Late last year, the City and the U.S. Department of Agriculture used similar harassment techniques to evict egrets and herons from their rookery at Bird Island in Elmendorf Lake Park. According to City and Joint Base San Antonio officials, the birds were frequently crossing runways at Kelly Air Field on their way to and from a South Side landfill they used as a feeding site.
The influx of birds in King William is tied to that removal from Elmendorf, Pennell explained. But not in the way one might expect.
Before last year’s evictions, Elmendorf Lake Park was home to around 200 to 300 permanent resident birds, he said.

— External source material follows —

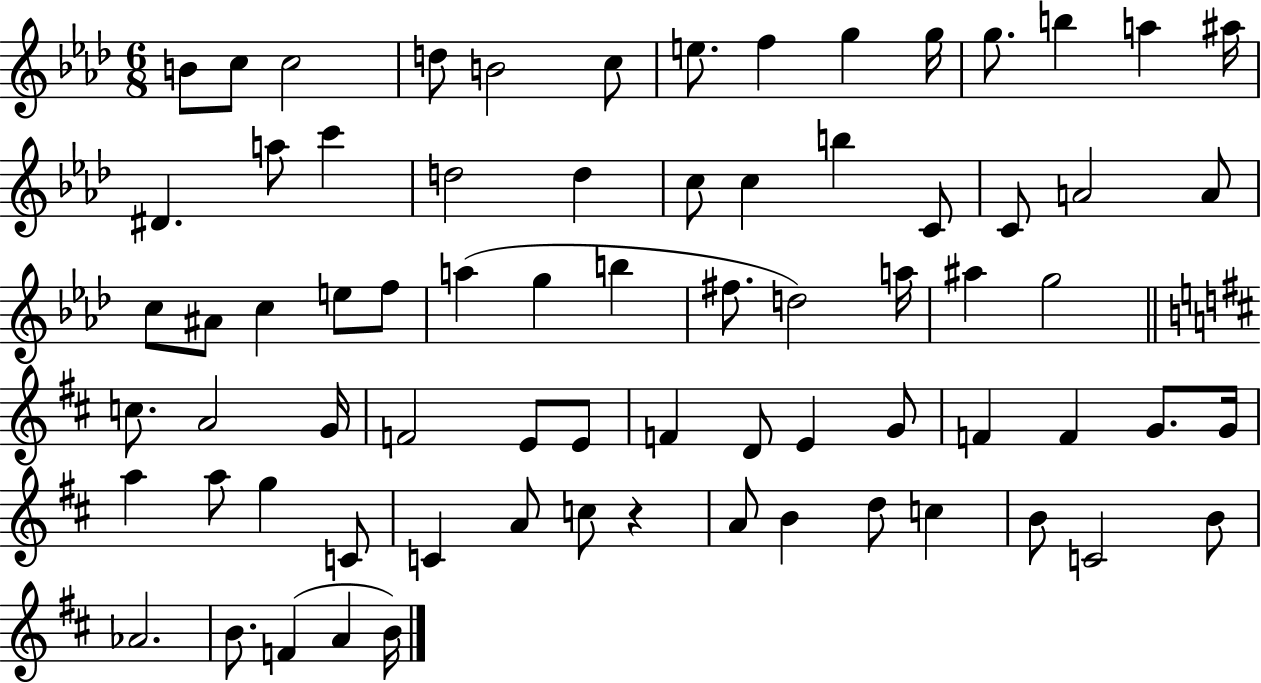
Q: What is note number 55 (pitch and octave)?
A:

But during spring migration and nesting seasons, when out-of-towner birds returned to familiar rookeries at Elmendorf, the total population could swell to anywhere from 1,000 to 1,200, he said.
Last year, the City and USDA were able to successfully move the 200 to 300 resident birds to new roosting sites on the Southwest Side, Pennell said. No longer do these birds cross runways and stick in the craws of local officials.
However, the remaining 700 to 1,000 migratory birds, those that left Bird Island for warmer climates than San Antonio, are now starting to return to the city with intentions of nest-building and chick-raising.
Over the weekend, the first group of about 150 to 200 birds came through Elmendorf Lake Park, Pennell said. USDA staff kept them moving.
“When they saw them come in, they did their clappers and lasers and pyrotechnics, and the birds moved on to go find another place.”
Those birds kept flying east, where they discovered other members of their species roosting along the King William area, the 30-or-so year-round residents whose presence was either appreciated or unnoticed.
“Those 30 birds turned into 200 birds overnight,” Pennell said.
Pennell said he has received some comments from King William residents asking why the removal is necessary and saying they appreciate the birds there.
Parks officials are now trying to get those birds to disperse before nesting begins, when federal protections under the Migratory Bird Treaty Act kick in. The act prohibits anyone from harassing, killing, or otherwise harming birds when they have nests with eggs in them.
Most people don’t know about the Migratory Bird Treaty Act. It’s something Pennell has had to learn on the job.
“I’m a landscape architect, but I guess I’m getting to be more of an urban biologist,” Pennell said.